Speaking on Israeli military radio, Israel's cabinet secretary Tzvi Hauser said the Palestinians would fail to obtain the nine yes votes they need to keep alive their hopes of becoming a United Nations member state on the lines that existed before the 1967 Six Day War.
"A state can only be created by the Security Council, not the General Assembly, and the Palestinians do not have a majority at the Security Council, so there will not be a Palestinian state," said Hauser, who is a confidant of Israeli Prime Minister Benjamin Netanyahu.
Palestinian president Mahmud Abbas, acting in his capacity as head of the Palestine Liberation Organisation, is expected to formally submit the membership bid to the UN on September 23, when he will also address the General Assembly.
"The Palestinians will change their attitude when they realise that their unilateral initiative is going nowhere and will lead them directly to stalemate," Hauser said.
"In New York we will see who is the one who refuses to extend their hand for peace and who will do it."
The Palestinians have said they believe they can win the nine yes votes needed for their membership bid to pass the Security Council, but the United States is expected to veto the request, effectively sinking it.

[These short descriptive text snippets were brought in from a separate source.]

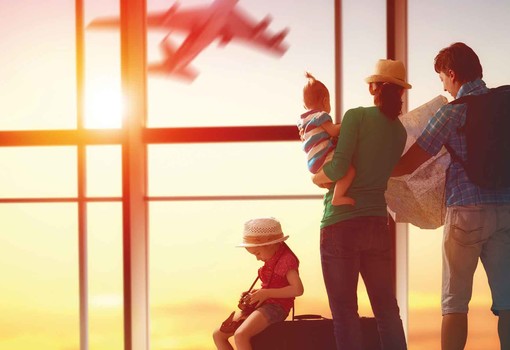 Voyageurs au terminal de l'aéroport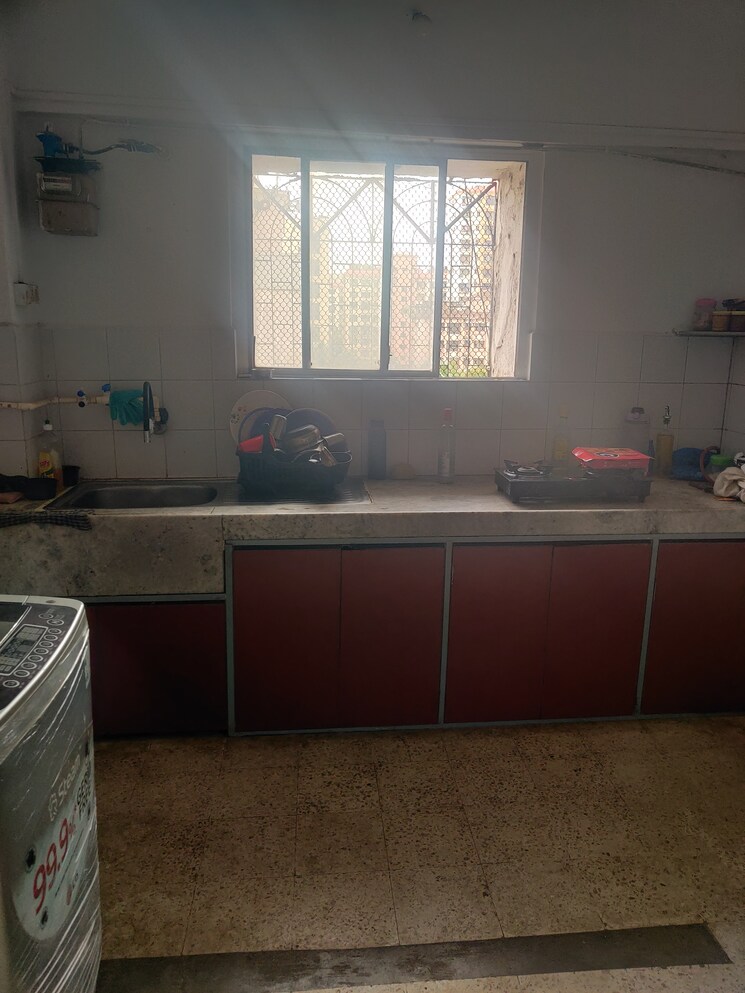 Bathroom, crystal-palace-chs 1 Bedroom 450 Sq.Ft. Apartment In Malad West Mumbai 9005269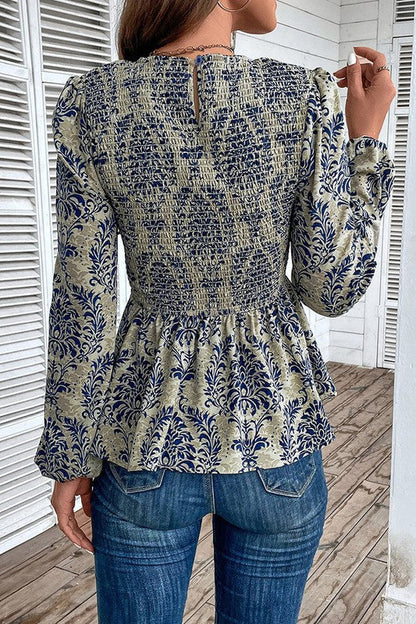 Well Tailored Blouse with a Graceful Silhouette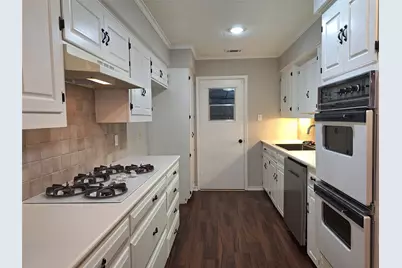 1113 Crest Park Drive, Garland, TX 75042 - Photo 7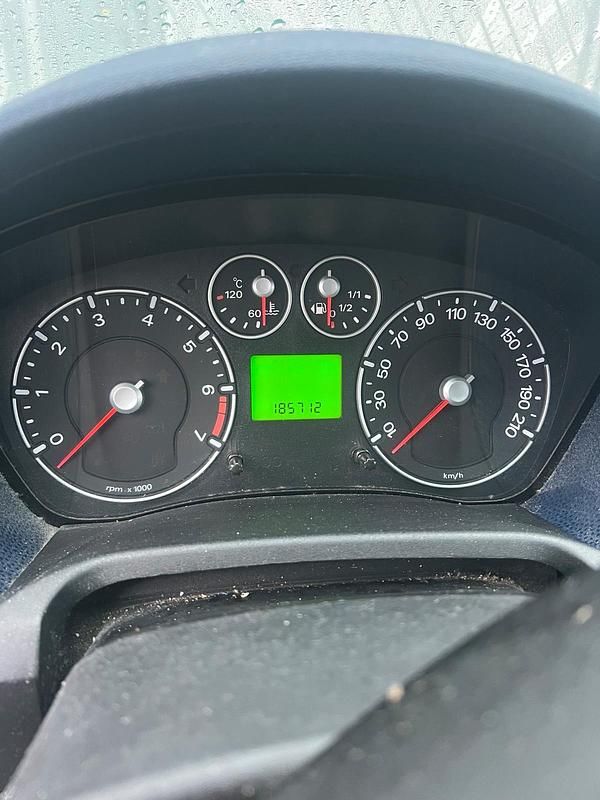 Blau Gebraucht 2007 Ford Fiesta Kleinwagen | 1.450 € (Guter Preis) - Bild 1/4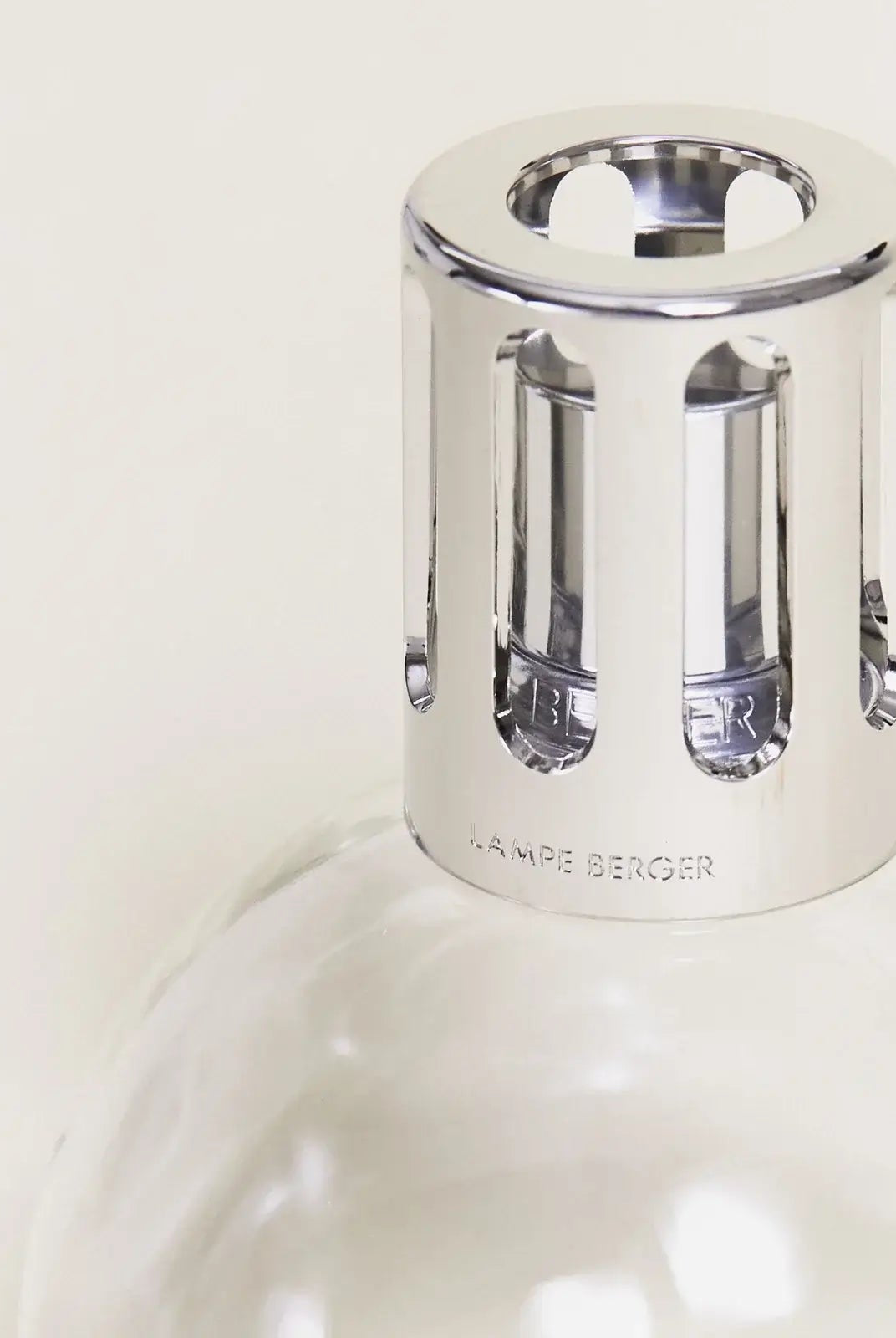 Maison Berger Paris Fragrance Lamp Starter Kit – Round Glass with lamp and fragrance bottles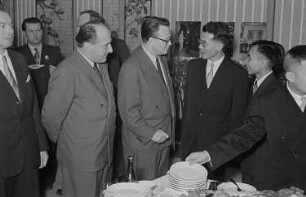 Empfang im vietnamesischen Ausstellungspavillon, Rolf Lemser (?) Messeamtsdirektor (3. v. re.)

If Washington does veto the bid, the Palestinians are expected to then turn to the General Assembly, where they believe they will easily secure the votes needed to upgrade their representation to a non-state observer level.
Hauser said such an upgrade would "have no significance."
He said Israel continued to call on the Palestinians to drop the UN bid and resume negotiations, saying Israel was ready to hold talks "without preconditions, unlike the Palestinians."
On Monday, Netanyahu said he wanted to meet with Abbas in New York "to open direct negotiations... which would continue in Jerusalem and Ramallah."
"I propose to president Abbas to begin peace negotiations instead of wasting time on futile unilateral measures," he said in a statement.
Talks between the two sides have been on hold for nearly a year, grinding to a halt shortly after they began over the issue of Israeli settlement construction.
Israel has declined to renew a 10-month partial settlement freeze that expired shortly after peace talks began last year, and the Palestinians say they will not hold talks while Israel builds on land they want for their future state.